User Rank: Light Sabre
7/11/2014 | 5:24:02 AM
Re: Where can I buy Aereo's dime-sized antennas?
..and if I may humbly add, trying to save $ 100 Million that IAC has sunk into this will force some rather creative moves to save the franchise.   This is as some other components of IAC seems to be faced with potential challenges.    
User Rank: Light Sabre
7/10/2014 | 1:44:42 PM
Re: Where can I buy Aereo's dime-sized antennas?
nasimson, the Supreme Court ruling on Aereo is ambiguously specific and narrow to Aereo.... The Supreme Court didn't make Slingboxes illegal. It introduced a strange concept of "if it looks like a duck.." legal bar that equated Aereo with a cable broadcaster... So presumably, if you don't ACT like a cable video service, you're not crossing into an infringing business. (but it's not 100% clear, and the "looks like a duck" legal concept will have to be challenged in courts in order for anyone to really predict anything.)
User Rank: Light Sabre
7/10/2014 | 12:11:30 PM
This show is OVER
If Aereo is insane enough to pursue this course, it's another couple of years in legal challenges and lawyer fees, this time without Barry Diller's money.
User Rank: Blogger
7/10/2014 | 9:34:32 AM
Re: Where can I buy Aereo's dime-sized antennas?
Can't blame them for trying to make a new argument, but also seems more like the predictable move of trying to parse the legal language to find a loophole, and less like a new business plan.
User Rank: Light Sabre
7/10/2014 | 7:29:20 AM
Re: Where can I buy Aereo's dime-sized antennas?

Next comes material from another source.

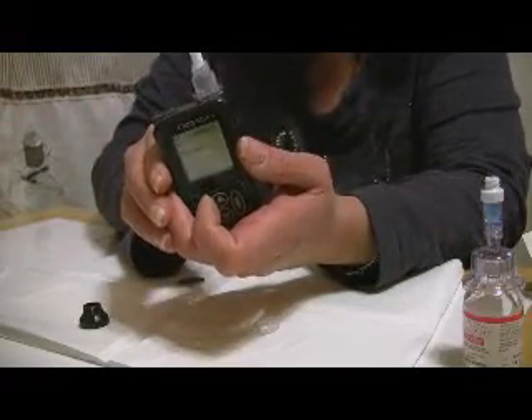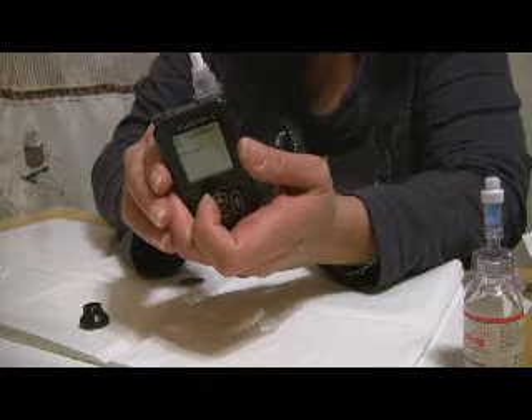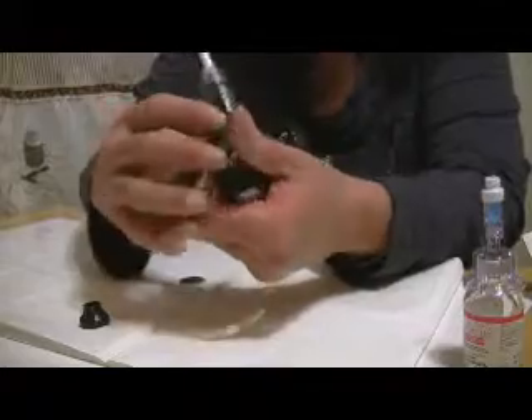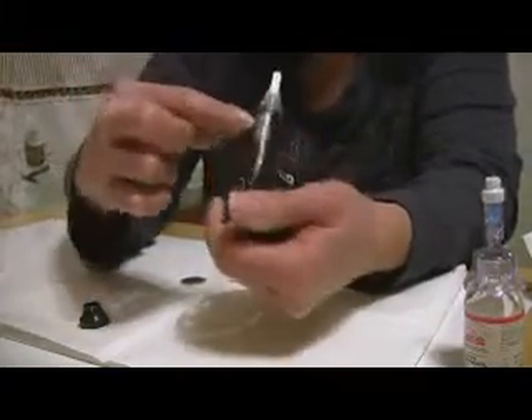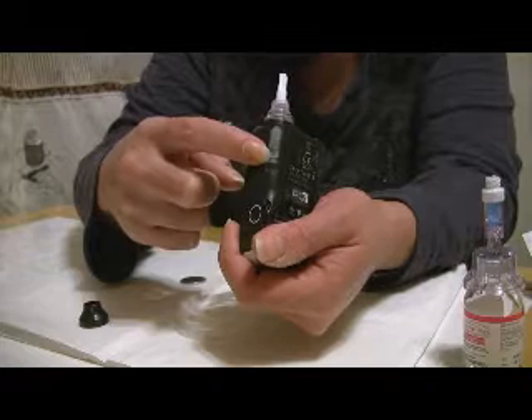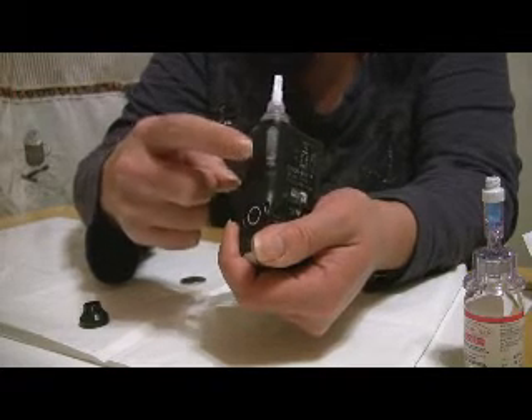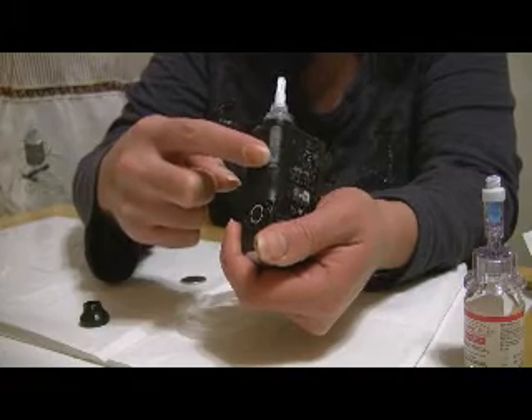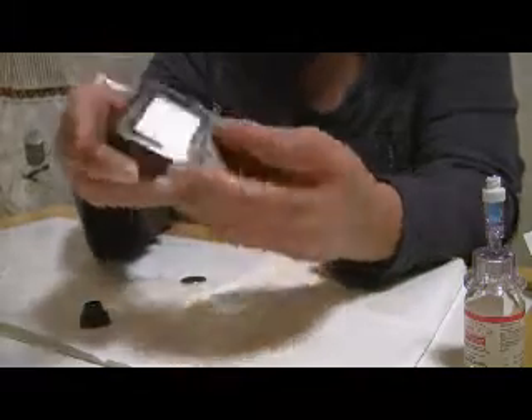We don't need the cap that comes with it either, because that again is for when you're changing sites, so that can go to the side. You can see this is still loading — it does take a minute to get in there. You can also see that they have a little window on the back that shows you how far the cassette has gone in, and it's also good for seeing how much medication is left if you don't look at the meter on the front.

@mhh If supreme Court has termed Aeros service illegal, how can the product be legal?
User Rank: Light Sabre
7/10/2014 | 1:24:32 AM
Where can I buy Aereo's dime-sized antennas?
I would like to see Aereo start to sell its equipment to consumers directly -- and offer a more fully functional version of hardware. I don't think Aereo is dead, but its ROI for investors might be a bit different as it pivots to a totally new business model.